Salakyan Festival

Salakayan, coined from a Hiligaynon term “salakay” or “ to attack,” is a street dance-drama that merges arts, lore and customs of the town.

Culture & Heritage | Food & Drink | Historical | Music | Performing Arts


The annual celebration of Salakayan Festival is an opportunity for the people of Miagao to pay tribute to their cultural roots. Taken from the Hiligaynon word “Salakay” or “to attack,” the festival is marked by the locals ready to defend their land from the attacks of Muslim pirates. This dance-drama presentation depicts the battle waged by the local defenders against the piratical activities and slave-hunting expeditions of the Muslims pirates or Moros—name-calling of Spanish authorities of the Islamic people of Mindanao.

Moros take the able bodied and were brought to the slavers’ lairs to join the other captives from other settlements awaiting the long journey south. Those who attempt to flee were either clubbed or killed if they resisted vigorously. Among the able-bodied captives, women and children were preferred because they commanded a higher price in the market in Sulu, Makassar and Java. Once taken into custody, the slaves were then stripped naked and are fastened by a rattan collar around their necks. The captives were then forced to row the vessels. Slaves were sold to work heavily in the fields or negotiated to merchants for other Asian markets. Others were used as household retainers or as rowers of pirate vessels. Slaves who proved their loyalty and converted themselves to Islam were raised in status and often becoming raiders themselves.

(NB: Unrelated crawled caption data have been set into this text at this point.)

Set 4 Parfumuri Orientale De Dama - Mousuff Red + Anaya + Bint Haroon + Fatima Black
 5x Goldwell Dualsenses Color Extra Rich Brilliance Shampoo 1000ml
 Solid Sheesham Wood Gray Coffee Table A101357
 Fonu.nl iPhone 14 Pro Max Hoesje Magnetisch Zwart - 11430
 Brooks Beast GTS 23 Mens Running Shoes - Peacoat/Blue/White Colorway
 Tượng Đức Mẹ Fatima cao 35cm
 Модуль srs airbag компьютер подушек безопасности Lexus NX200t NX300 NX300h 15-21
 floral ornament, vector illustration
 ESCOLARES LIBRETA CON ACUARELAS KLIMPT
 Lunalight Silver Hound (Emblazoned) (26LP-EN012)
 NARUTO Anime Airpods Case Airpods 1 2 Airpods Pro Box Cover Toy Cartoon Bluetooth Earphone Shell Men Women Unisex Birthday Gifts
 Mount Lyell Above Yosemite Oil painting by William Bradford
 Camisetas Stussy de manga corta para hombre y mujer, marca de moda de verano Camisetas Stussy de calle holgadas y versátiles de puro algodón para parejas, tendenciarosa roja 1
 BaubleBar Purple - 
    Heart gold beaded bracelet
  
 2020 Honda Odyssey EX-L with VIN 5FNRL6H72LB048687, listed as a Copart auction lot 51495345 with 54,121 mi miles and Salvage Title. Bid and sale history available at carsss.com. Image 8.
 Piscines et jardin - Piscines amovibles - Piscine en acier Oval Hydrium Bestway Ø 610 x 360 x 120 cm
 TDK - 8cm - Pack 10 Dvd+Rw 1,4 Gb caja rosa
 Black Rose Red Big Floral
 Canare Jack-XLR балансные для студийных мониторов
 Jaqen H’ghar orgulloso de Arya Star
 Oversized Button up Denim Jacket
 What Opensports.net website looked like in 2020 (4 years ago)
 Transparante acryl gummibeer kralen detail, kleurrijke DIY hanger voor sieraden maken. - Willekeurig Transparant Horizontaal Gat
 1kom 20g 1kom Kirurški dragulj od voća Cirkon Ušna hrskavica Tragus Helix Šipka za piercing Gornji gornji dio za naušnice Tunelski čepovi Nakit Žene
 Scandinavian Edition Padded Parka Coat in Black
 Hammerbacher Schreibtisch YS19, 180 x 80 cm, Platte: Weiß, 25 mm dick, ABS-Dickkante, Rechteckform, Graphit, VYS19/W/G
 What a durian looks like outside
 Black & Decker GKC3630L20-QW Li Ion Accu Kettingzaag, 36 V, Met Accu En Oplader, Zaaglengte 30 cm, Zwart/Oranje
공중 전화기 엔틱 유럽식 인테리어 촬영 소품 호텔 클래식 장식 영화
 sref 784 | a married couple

The presentation ends with the victorious battle that took place in May 7, 1754. Along with the tribal dance competition is the special procession of the Higantes or towering figures that commonly depict archetypes of the town, such as historical figures of local relevance.

Coastal settlements in the islands of Panay became the objects of frequent Moro raids. Many towns in the north and south of Iloilo became easy targets and Miagao was not spared from these raids that resulted to the burning of the original structure of St. Thomas of Villanova church situated at that time in Sitio Ubos.

The history of the Salakayan Festival began with modest gatherings in the streets around the town center. And throughout the week-long celebration, series of special events to mark Salakayan became potent festival symbols.